Having empathy is another key aspect in attracting new clients in a post-lockdown environment, according to Gretchen Betts.

The managing director at Bridgend-based Magenta Financial Planning says: “We’ve certainly seen more people seeking financial advice in connection with getting better organised and reviewing their plans.

“We’ve also had more enquiries about bringing forward retirement dates, choices about new jobs, or going self-employed – as well as potential investment opportunities.

“As we continue through this period of uncertainty, I think financial planners should look to remain the constant and reliable source of both information and reassurance.

“We can generate work by being highly responsive, quick to act and visible to existing and potential clients – rather than burying our head in the sand or not dealing with the uncertainty.
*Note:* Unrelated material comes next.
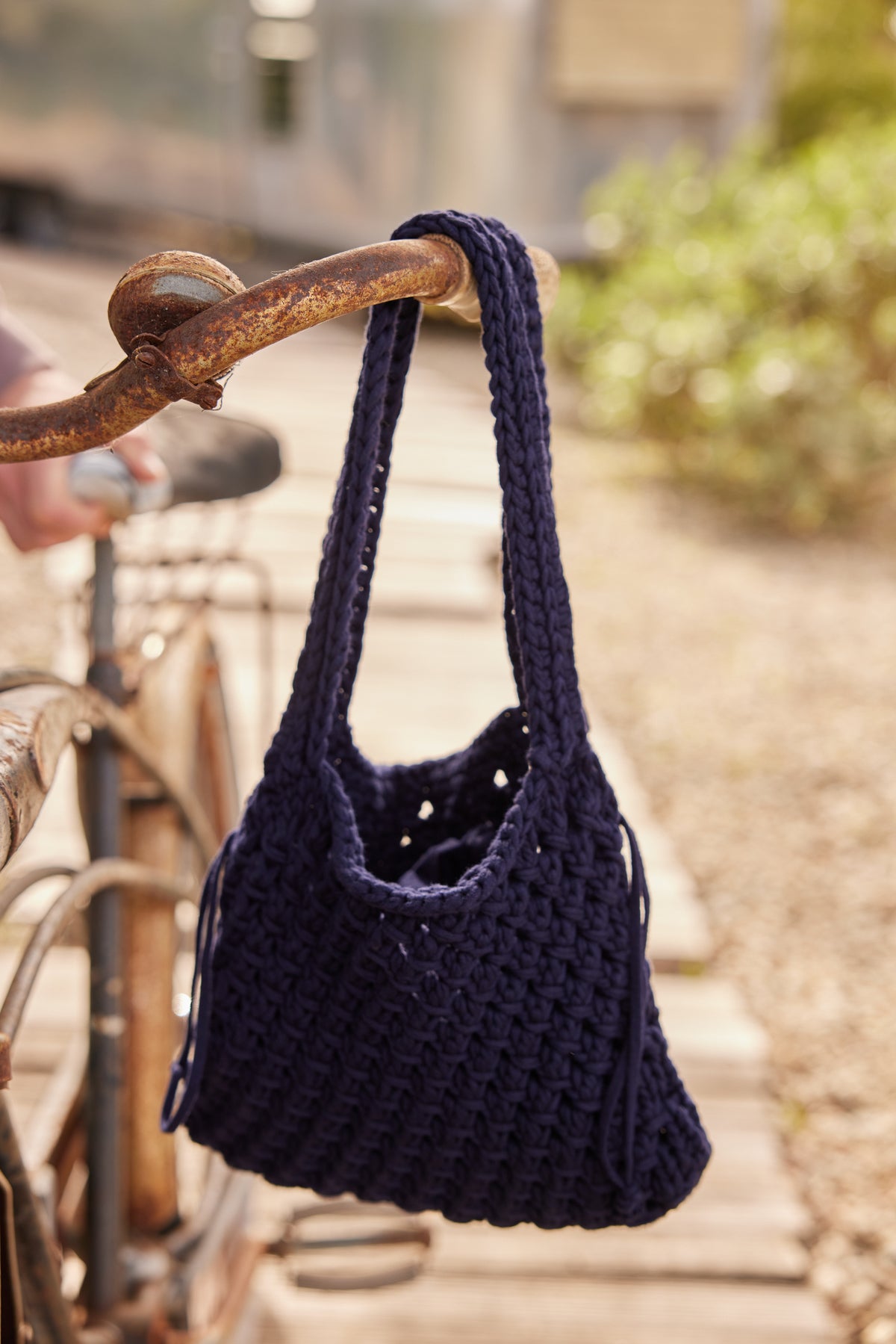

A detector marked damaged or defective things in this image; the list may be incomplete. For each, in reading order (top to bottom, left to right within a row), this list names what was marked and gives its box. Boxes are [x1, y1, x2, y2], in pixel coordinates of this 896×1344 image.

rusted metal bell [110, 248, 247, 349]
rusted bicycle handlebar [0, 231, 561, 462]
We don’t have all the answers, but we are all in the same boat and engaging with clients with empathy and common sense is, for us, the approach that’s working well right now.”

Interestingly, more clients, both old and new, appear to be making the most of the stamp duty holiday, which is now available on the first £500,000 of all residential property purchases in England and Northern Ireland.

It was introduced by the government in a bid to revive the housing market due to the negative effects of Covid-19.

Alan Chan, director and chartered financial planner at London-based IFS Wealth & Pensions, says: “We’re experiencing more clients coming to us for mortgage purposes as they look to pursue a Buy-to-Let property instead, largely because of the stamp duty holiday.

“As the markets have been more volatile during this time, it has put some newer investors off investing in pensions or stocks and shares Isas for their long-term future who instead prefer to put their money in bricks and mortar, which, for one reason or another, makes them feel more financially secure, despite the unfavourable tax treatment of investment properties.”